**Work task:** Output the data in full. Keep every word exact and exclude the pictures.

**Data under study:**
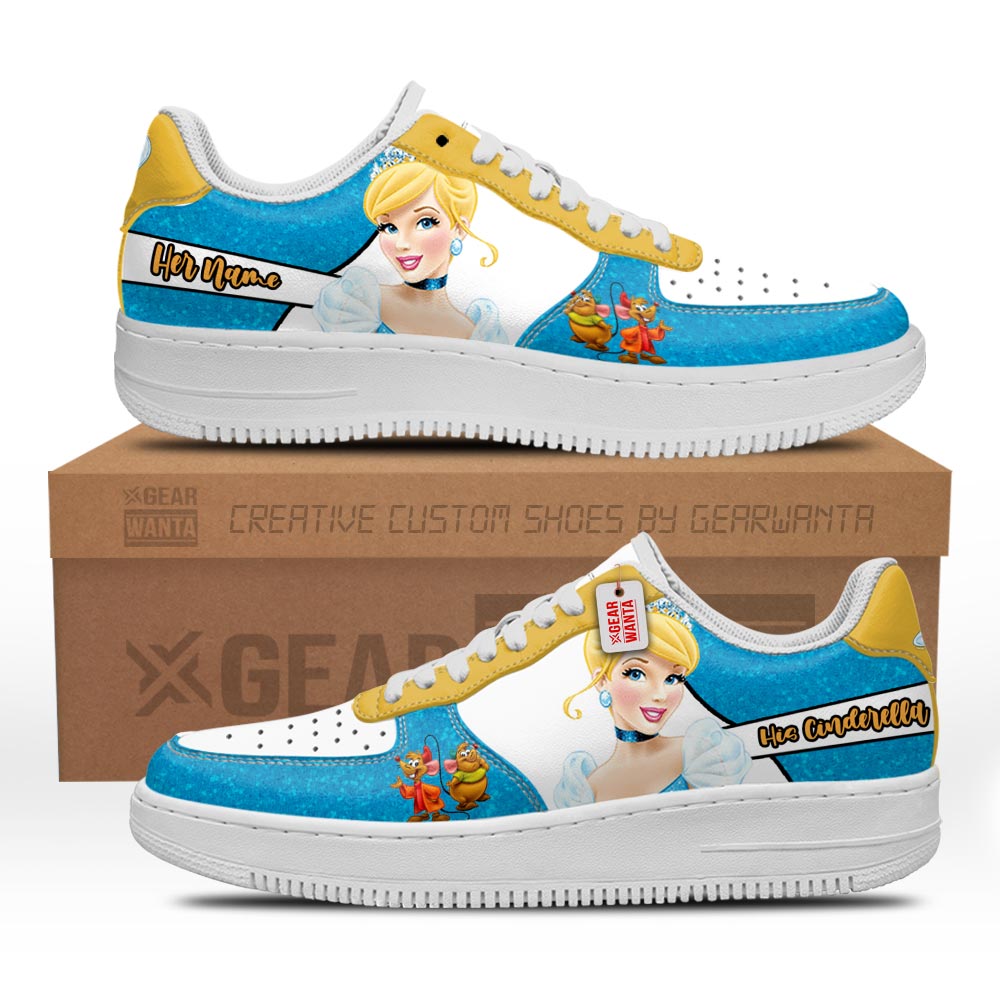 His Cinderella Air Sneakers His and Her Personalized Collection Perfectivy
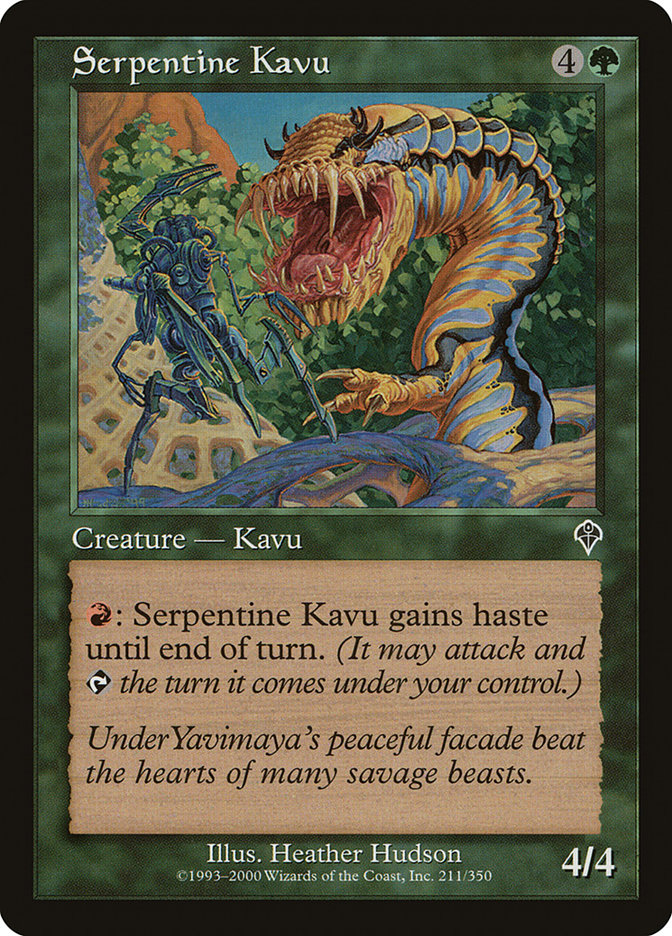 Serpentine Kavu [Invasion] | Yard's Games Ltd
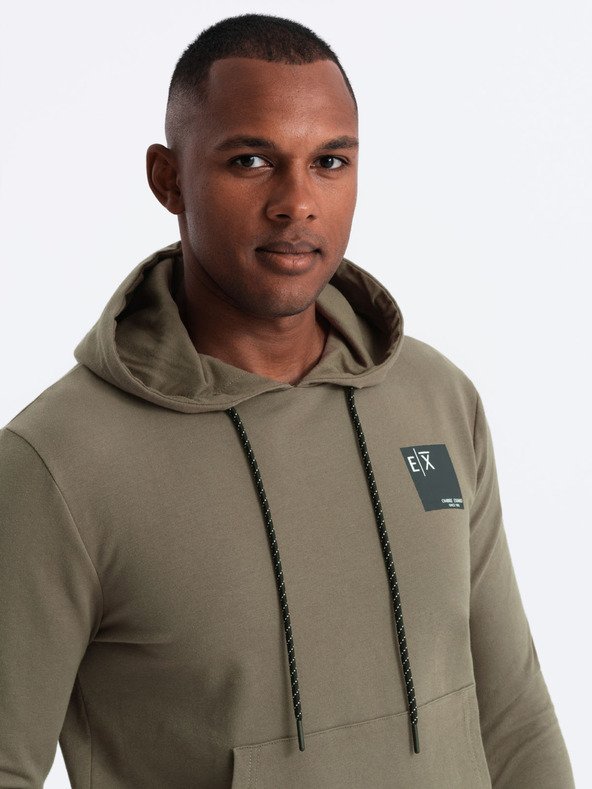 Ombre Clothing Moška kengurujčka s kapuco Ombre Clothing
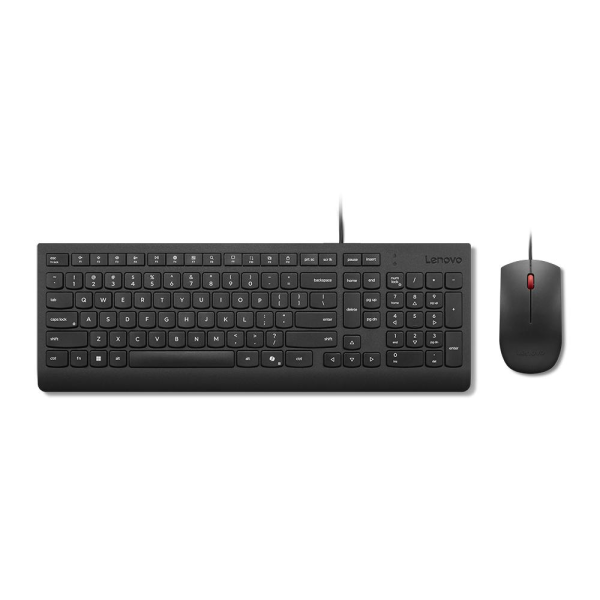 KIT TECLADO Y MOUSE LENOVO CON CABLE USB P/N 4X31R64424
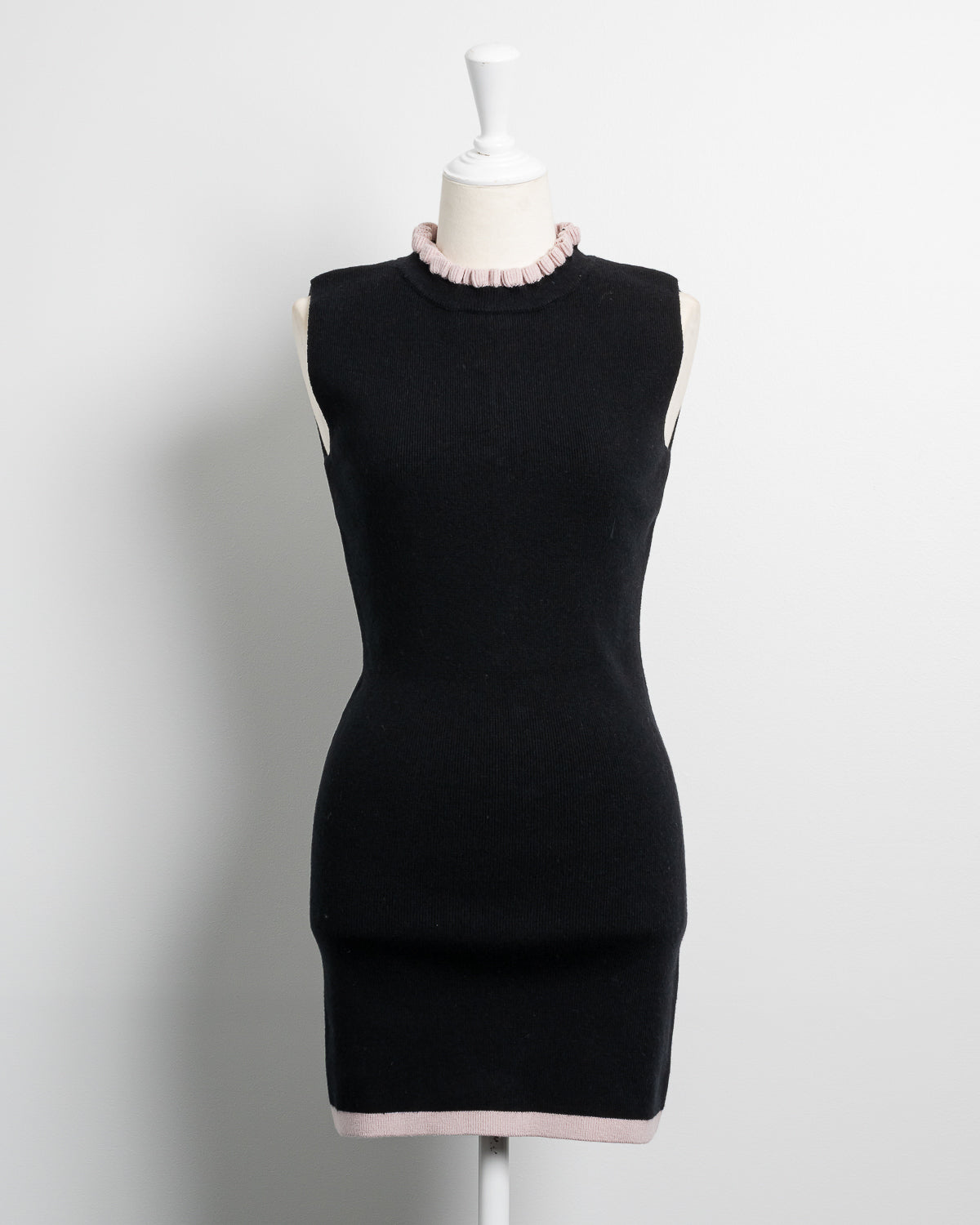 ビジューリボンニットワンピセット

**Exercise solution:**
 His Cinderella Air Sneakers His and Her Personalized Collection Perfectivy
 Serpentine Kavu [Invasion] | Yard's Games Ltd
 Ombre Clothing Moška kengurujčka s kapuco Ombre Clothing
 KIT TECLADO Y MOUSE LENOVO CON CABLE USB P/N 4X31R64424
 ビジューリボンニットワンピセット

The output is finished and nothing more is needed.